What is required →
For the entries that follow, produce an exact copy with no pictures in it.
· · · · · · ·
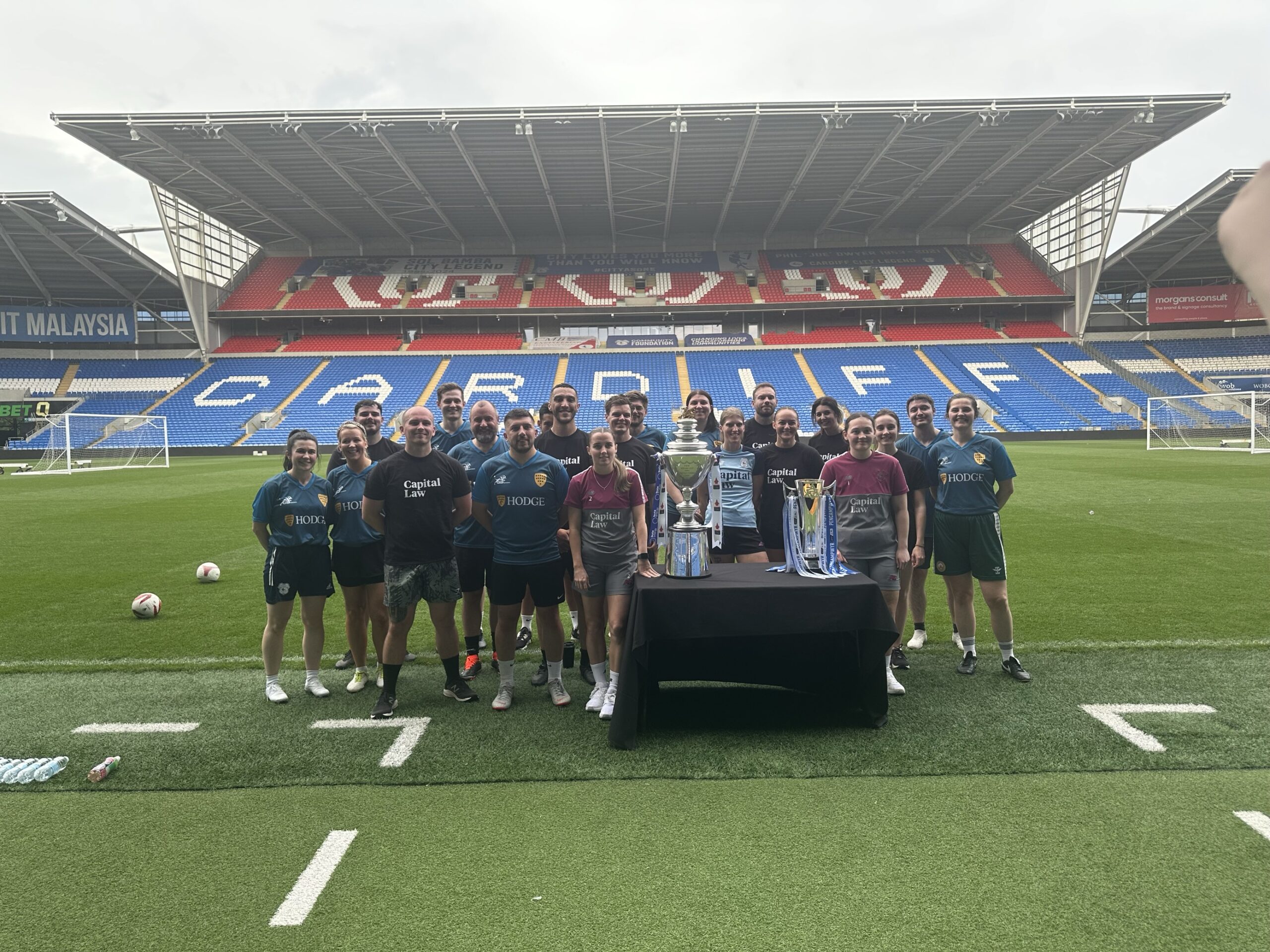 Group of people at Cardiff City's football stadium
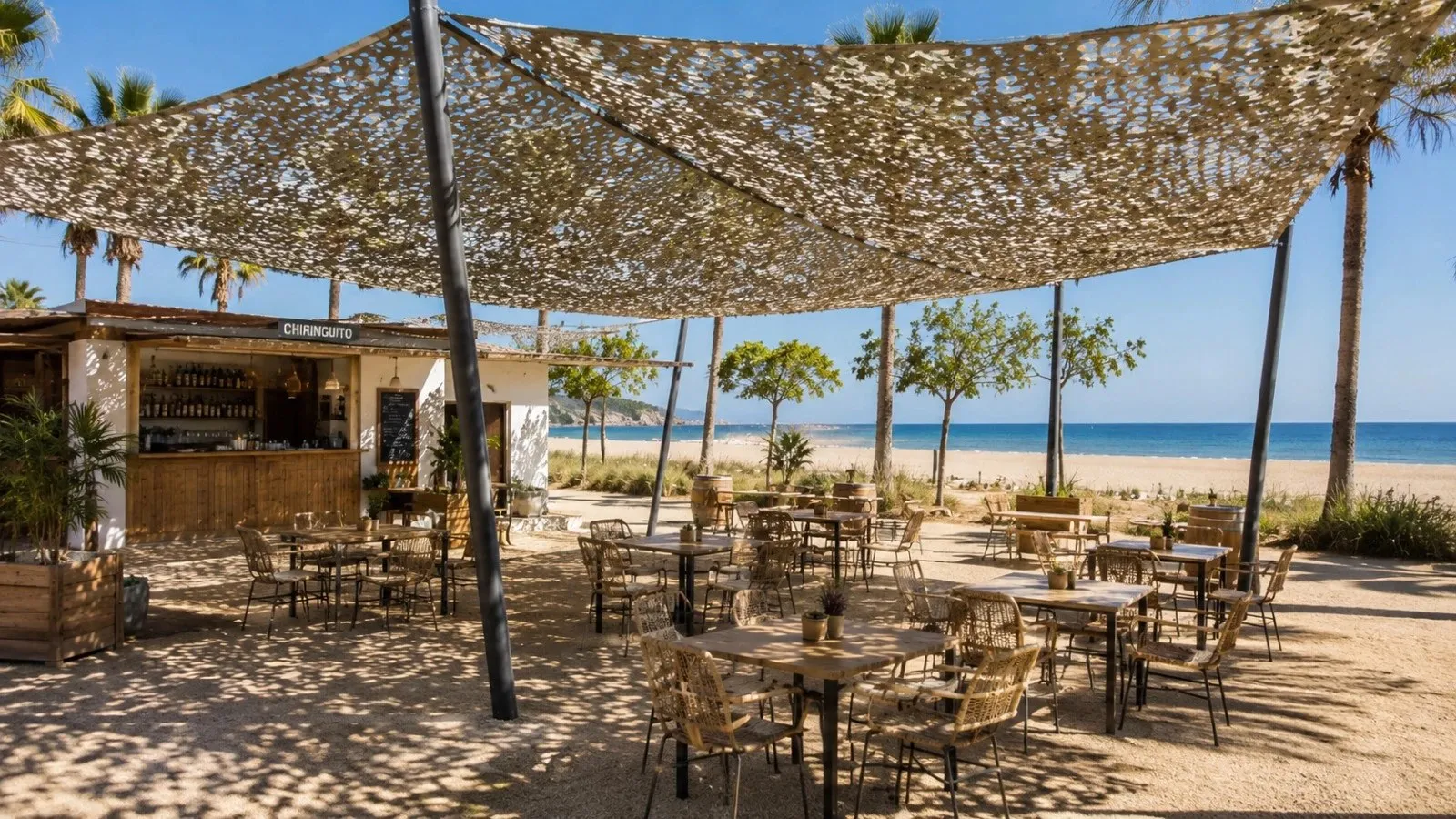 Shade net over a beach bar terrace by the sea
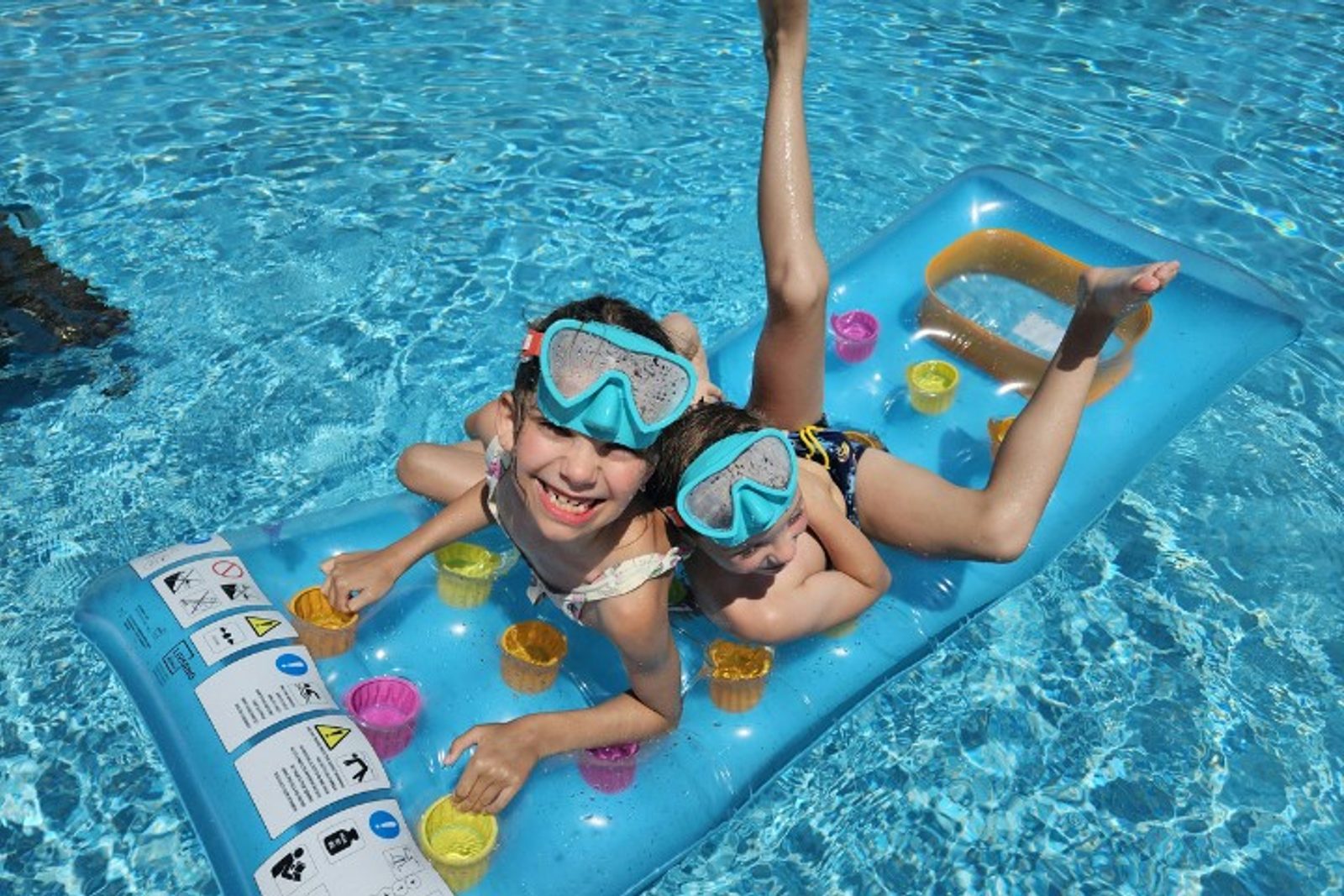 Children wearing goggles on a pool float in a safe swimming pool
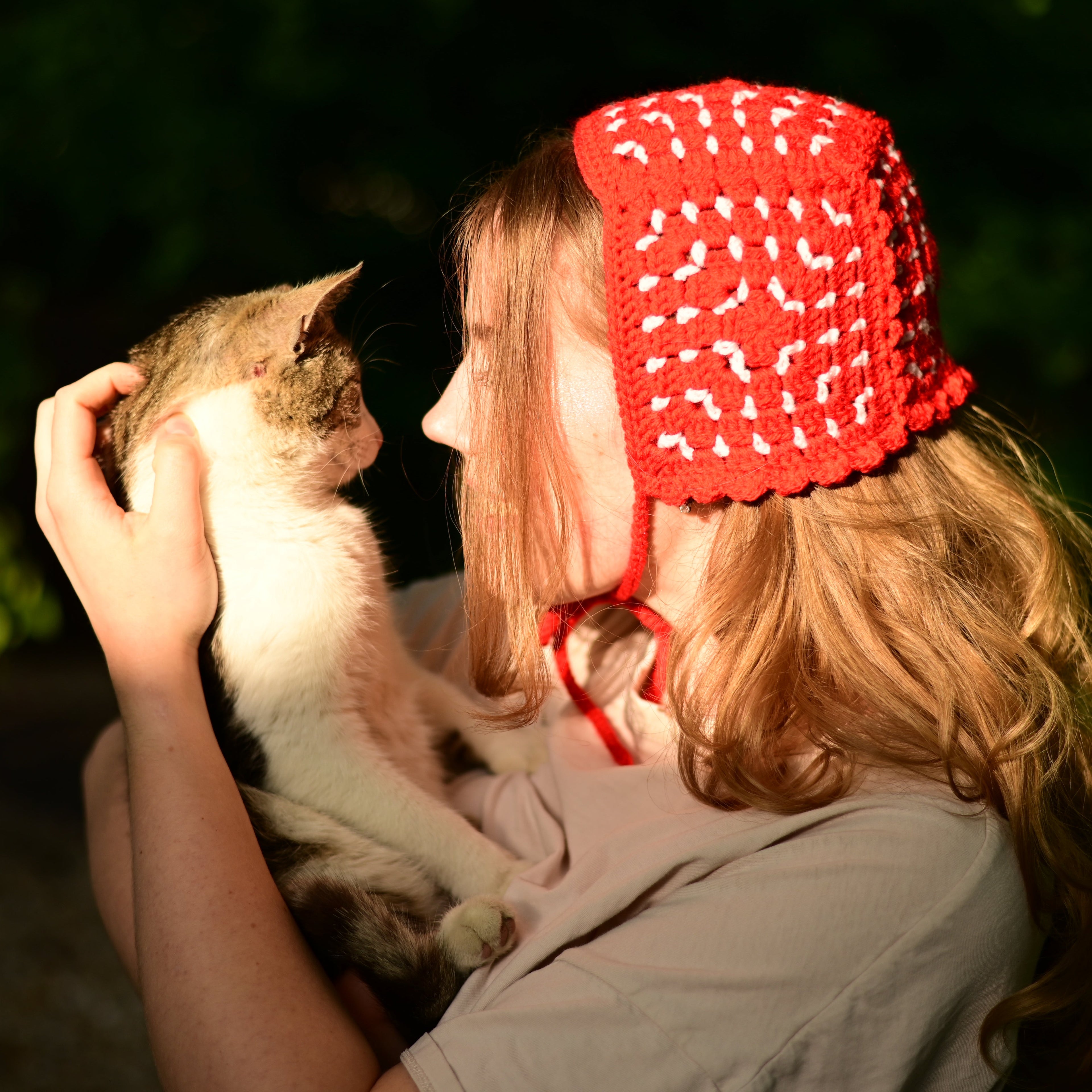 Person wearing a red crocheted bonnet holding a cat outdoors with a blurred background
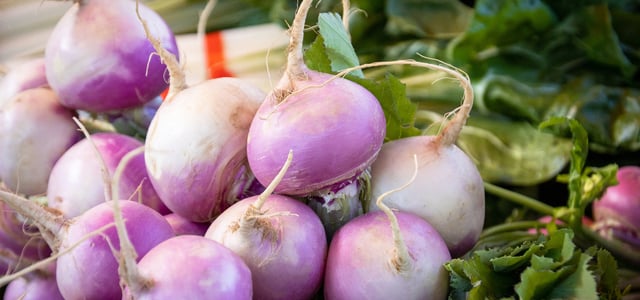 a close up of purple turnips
· · · · · · ·
Written solution →
 Group of people at Cardiff City's football stadium
 Shade net over a beach bar terrace by the sea
 Children wearing goggles on a pool float in a safe swimming pool
 Person wearing a red crocheted bonnet holding a cat outdoors with a blurred background
 a close up of purple turnips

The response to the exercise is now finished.